> What to work on
In the listing, find every line that has the string "Jeep" and copy it.

=-=-=-=-=

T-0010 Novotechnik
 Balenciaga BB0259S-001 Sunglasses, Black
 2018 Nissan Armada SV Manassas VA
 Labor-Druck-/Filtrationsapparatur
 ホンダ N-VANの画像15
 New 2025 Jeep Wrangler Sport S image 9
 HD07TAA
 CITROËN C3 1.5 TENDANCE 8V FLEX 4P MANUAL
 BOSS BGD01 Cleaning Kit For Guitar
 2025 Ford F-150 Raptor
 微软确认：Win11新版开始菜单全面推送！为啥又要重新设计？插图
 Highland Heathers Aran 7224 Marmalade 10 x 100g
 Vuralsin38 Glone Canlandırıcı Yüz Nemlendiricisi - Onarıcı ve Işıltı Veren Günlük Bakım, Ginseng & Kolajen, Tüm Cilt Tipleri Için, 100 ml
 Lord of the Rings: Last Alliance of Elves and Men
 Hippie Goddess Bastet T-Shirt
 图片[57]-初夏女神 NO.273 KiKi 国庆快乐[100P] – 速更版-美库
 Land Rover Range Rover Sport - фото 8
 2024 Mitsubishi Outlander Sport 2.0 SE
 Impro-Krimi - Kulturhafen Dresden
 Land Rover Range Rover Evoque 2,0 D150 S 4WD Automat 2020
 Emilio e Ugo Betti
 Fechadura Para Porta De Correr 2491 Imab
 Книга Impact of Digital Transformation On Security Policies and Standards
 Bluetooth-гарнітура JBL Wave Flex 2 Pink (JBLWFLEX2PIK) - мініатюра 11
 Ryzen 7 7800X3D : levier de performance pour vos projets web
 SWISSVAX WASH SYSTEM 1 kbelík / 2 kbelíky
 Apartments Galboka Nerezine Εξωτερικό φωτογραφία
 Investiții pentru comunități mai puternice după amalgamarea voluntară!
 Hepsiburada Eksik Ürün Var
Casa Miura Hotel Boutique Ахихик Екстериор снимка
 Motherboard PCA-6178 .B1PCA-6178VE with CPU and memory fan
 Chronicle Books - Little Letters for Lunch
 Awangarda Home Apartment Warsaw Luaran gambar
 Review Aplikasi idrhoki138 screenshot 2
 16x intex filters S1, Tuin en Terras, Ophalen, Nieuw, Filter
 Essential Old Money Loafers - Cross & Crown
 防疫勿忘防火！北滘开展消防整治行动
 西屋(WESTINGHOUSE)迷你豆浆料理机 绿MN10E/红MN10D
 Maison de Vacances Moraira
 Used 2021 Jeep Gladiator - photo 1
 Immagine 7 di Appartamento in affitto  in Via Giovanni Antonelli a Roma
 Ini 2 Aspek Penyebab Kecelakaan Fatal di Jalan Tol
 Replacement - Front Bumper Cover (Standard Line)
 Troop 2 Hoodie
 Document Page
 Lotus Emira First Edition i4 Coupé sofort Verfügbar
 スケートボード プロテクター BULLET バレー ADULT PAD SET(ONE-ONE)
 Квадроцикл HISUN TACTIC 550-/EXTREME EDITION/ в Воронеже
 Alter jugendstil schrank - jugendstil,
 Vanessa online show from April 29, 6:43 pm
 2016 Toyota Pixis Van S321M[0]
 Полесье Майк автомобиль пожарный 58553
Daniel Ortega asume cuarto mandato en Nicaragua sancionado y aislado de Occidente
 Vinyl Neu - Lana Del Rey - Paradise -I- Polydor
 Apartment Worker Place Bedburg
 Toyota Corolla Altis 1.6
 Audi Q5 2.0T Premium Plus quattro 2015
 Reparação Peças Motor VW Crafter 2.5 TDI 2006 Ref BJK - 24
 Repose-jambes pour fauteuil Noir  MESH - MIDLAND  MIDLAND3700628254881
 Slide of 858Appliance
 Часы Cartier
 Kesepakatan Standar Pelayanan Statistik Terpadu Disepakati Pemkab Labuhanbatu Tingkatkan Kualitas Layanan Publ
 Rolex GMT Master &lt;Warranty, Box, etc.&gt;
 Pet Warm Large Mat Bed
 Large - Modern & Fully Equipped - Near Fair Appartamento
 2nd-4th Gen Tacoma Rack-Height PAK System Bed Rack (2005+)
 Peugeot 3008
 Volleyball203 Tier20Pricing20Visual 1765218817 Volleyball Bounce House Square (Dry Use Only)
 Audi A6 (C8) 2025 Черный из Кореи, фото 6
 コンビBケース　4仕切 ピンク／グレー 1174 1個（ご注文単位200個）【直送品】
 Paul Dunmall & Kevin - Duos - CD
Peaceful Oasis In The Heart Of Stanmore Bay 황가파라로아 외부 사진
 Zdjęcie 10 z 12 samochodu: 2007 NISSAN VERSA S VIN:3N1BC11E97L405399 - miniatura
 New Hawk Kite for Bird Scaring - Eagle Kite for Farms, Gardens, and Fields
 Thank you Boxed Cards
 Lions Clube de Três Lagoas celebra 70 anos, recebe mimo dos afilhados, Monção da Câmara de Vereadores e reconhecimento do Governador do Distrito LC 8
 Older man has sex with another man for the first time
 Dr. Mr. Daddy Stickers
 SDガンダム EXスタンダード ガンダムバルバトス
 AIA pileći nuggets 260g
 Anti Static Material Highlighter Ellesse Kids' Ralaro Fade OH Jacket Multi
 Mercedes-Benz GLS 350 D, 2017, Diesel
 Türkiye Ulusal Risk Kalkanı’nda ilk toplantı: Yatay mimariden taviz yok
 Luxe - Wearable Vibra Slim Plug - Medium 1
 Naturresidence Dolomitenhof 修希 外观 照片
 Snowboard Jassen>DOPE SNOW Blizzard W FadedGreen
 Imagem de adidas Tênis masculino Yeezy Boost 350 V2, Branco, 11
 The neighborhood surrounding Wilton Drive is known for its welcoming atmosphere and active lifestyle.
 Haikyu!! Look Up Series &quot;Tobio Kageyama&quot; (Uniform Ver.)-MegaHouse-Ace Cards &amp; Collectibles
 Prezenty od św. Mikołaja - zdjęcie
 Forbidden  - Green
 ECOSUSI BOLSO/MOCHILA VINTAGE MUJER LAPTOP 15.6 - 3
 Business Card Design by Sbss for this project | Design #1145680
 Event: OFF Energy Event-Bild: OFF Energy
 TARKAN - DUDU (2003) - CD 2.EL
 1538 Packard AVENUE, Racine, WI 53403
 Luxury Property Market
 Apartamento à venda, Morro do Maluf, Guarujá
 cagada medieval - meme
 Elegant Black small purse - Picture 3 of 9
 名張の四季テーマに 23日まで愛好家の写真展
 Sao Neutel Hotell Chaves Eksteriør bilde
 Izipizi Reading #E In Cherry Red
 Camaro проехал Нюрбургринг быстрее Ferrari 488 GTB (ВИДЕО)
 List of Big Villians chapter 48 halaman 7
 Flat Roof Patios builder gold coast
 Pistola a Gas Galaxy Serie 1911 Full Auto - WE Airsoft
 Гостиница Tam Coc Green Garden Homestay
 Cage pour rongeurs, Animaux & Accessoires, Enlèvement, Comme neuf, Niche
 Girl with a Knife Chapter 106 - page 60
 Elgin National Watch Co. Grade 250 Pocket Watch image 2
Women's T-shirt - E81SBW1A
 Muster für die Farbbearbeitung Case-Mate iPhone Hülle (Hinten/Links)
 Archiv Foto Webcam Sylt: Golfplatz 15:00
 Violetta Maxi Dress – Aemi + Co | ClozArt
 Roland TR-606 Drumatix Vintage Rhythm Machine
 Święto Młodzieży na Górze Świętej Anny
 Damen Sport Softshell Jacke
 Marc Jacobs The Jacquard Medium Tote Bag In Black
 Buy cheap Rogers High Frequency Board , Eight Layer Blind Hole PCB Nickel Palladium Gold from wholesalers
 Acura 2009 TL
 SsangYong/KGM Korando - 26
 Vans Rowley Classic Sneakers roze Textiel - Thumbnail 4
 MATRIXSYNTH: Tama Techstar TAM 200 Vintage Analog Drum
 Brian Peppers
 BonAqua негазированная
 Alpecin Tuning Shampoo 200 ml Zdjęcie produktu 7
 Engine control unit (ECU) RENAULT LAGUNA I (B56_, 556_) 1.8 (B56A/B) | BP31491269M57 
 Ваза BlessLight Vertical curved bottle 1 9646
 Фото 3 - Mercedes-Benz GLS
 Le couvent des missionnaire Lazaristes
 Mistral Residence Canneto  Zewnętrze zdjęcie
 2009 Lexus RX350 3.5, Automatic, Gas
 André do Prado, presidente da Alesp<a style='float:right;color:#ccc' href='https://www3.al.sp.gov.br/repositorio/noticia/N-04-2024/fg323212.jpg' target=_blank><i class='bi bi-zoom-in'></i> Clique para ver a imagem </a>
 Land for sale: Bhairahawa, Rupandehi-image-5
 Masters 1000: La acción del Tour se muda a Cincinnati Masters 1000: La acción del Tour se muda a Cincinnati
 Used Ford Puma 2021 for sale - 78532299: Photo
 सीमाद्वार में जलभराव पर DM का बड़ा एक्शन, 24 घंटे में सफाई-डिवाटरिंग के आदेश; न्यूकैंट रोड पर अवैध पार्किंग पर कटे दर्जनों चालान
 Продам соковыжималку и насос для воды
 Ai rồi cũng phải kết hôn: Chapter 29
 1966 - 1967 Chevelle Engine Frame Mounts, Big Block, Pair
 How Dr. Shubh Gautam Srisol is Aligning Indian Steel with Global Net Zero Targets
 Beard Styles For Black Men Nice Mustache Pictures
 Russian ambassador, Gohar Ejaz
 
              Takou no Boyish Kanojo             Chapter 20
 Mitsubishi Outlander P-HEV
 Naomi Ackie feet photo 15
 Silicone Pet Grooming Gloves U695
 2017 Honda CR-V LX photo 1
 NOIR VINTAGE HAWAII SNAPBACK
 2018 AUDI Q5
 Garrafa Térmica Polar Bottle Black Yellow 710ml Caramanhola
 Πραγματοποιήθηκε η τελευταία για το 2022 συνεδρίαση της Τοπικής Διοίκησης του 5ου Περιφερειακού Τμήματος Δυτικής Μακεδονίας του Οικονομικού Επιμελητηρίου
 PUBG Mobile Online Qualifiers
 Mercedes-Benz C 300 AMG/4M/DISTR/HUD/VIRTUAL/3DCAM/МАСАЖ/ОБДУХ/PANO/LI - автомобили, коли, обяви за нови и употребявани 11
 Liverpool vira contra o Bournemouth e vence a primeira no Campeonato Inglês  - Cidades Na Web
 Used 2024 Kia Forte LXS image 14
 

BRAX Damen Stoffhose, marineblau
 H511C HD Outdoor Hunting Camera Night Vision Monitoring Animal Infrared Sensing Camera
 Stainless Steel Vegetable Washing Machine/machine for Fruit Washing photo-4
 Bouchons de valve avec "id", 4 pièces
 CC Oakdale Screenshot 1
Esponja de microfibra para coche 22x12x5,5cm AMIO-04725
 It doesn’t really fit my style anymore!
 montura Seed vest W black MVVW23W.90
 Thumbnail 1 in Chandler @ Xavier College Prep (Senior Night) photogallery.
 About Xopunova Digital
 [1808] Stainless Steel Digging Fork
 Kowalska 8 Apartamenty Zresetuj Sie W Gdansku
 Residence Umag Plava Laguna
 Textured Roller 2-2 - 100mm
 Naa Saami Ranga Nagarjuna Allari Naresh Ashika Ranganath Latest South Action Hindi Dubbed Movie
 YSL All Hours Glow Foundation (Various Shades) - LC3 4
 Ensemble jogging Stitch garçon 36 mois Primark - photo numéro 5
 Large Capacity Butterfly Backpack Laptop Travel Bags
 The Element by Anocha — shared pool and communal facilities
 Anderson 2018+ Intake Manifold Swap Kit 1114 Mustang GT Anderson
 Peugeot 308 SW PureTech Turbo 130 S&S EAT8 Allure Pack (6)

=-=-=-=-=

> Written answer
 New 2025 Jeep Wrangler Sport S image 9
 Used 2021 Jeep Gladiator - photo 1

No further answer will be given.